DAYTONA BEACH, Fla.--(BUSINESS WIRE)--Consolidated-Tomoka Land Co. (NYSE MKT: CTO) (the “Company”) today announced the disposition of an income property, leased to a subsidiary of CVS, located in Vero Beach, Florida. The property was sold for approximately $5.4 million or $388 per square foot and had approximately 8 years remaining on the lease. The proceeds from the sale totaled approximately $5.2 million. The Company intends to use the proceeds from this sale as part of a Section 1031 like-kind exchange for the recently-acquired 450,000 square-foot office property leased to Wells Fargo located in Raleigh, North Carolina. The Company’s estimated gain on the sale is approximately $0.6 million, after tax.
The Company has completed five dispositions of non-core income properties through November 20, 2015 for total proceeds of approximately $20.4 million and net aggregate gains of approximately $2.6 million, after tax.

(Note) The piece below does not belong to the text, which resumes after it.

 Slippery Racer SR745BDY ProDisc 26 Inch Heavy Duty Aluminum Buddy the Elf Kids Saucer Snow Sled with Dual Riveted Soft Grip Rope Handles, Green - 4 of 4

John P. Albright, President and Chief Executive Officer of the Company stated, “With the sale of this non-core property we have exceeded our guidance regarding the disposition of non-core income properties.” Mr. Albright also noted, “Due to the continued strength in the triple-net retail market we were able to dispose of the five non-core properties at a weighted average cap rate more favorable than the low range of our guidance which was 7.50%.”
About Consolidated-Tomoka Land Co.
Consolidated-Tomoka Land Co. is a Florida-based publicly traded real estate company, which owns a portfolio of income properties and loan investments in diversified markets in the United States, and over 10,500 acres of land in the Daytona Beach, Florida area. Visit our website at www.ctlc.com.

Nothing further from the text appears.